Consumerism will get a foul rap. The consensus amongst intellectuals is that it’s a method of getting individuals to purchase issues they don’t want, by taking part in on their anxieties. There may be undoubtedly fact in that, but it surely’s additionally true that materials issues can carry delight, satisfaction, and sure, happiness.

The British sociologist Colin Campbell is without doubt one of the few teachers to take these results significantly. In The Romantic Ethic and the Spirit of Trendy Consumerism he argued that when a client buys a costume, she isn’t simply shopping for the costume; she’s shopping for permission to think about a brand new model of herself.

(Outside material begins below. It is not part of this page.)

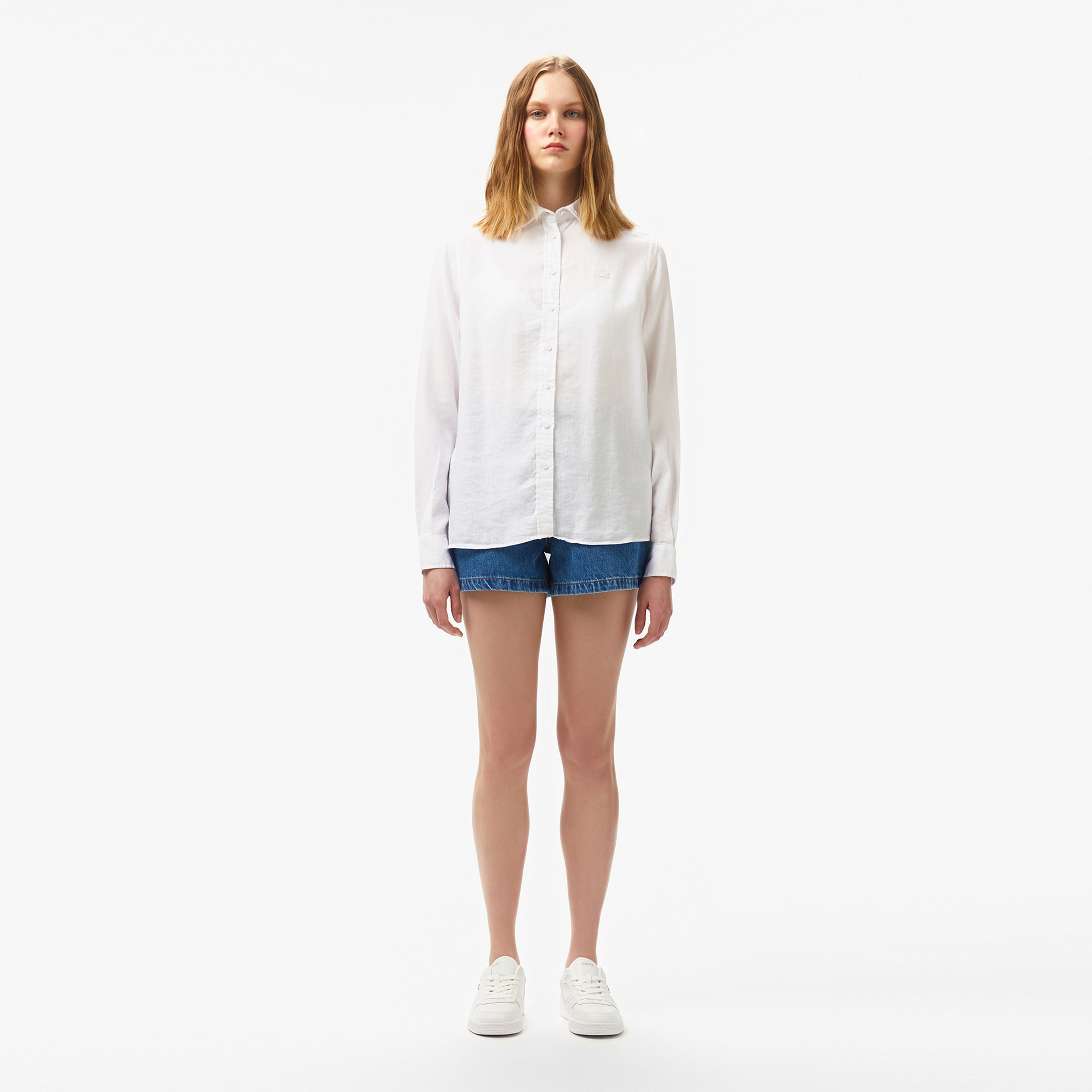 Kadın Relaxed Fit Keten Beyaz Gömlek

He offers her company, presenting the acquisition as an act of creativity. In Campbell’s phrase, the buyer is a ‘dream artist’ who knowingly weaves illusions round objects of need. The dressing robe or watch or pair of trainers is merely an excuse to expertise the pleasures of longing, pretending, and self-creating.

The fact of a product is rarely fairly pretty much as good because the dream – however then if it was, there could be no cause to dream once more. Whether or not or not we “want” such experiences they make life really feel extra expansive. They’ll even, because the Korean ladies present us, liberate.

Ian Leslie is a reader, a good friend and founding father of the fantastic The Ruffian on Substack. His newest e-book is John & Paul: A Love Story in Songs, which I’d extremely advocate to anybody with even a passing curiosity in The Beatles.